So, for the second year WSDM arrives, attendance has remained constant (despite the economic downturn) and we're all packing t-shirts rather than bags. However, unwrapping the packaging, what do we find?
Initially, the conference seemed promising, beginning with an excellent speech by Jeff Dean. A 101 on efficiency at Google since 1999, well rounded with explanations and statistics in equal measure. Unfortunately, this staring performance seemed to overshadow the rest of the conference - a benchmark never surpassed.
If I was to use one word to describe WSDM'09, then it would be inconsistent. There were some nice speeches, Eytan Adar's talk on detecting how the web changes over time springs to mind (also best student paper), and Songhua Xu gets bonus points for turning up with an interface paper to a predominantly text-based conference. However, many were poorly presented, insubstantial or both.

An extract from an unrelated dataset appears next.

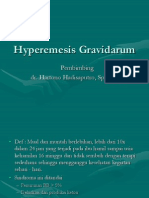 Hyperemesis Gravidarum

The dominating topic of the conference was unsurprisingly Wikipedia, with well over 40% of papers giving it a mention. Ignoring the proliferation of Wikipedia papers over the last year, high point here was Eytan Adar's paper on Information Arbitrage Across Multi-lingual Wikipedia, for coming up with something which might actually be useful in practice.
The videos from the conference should be up soon on videolectures.net, and I would recommend Jeff Deans opening speech - for those of you who can survive watching in tiny eye-strain-o vision which comes with flash. As for the rest remember - your mileage may vary.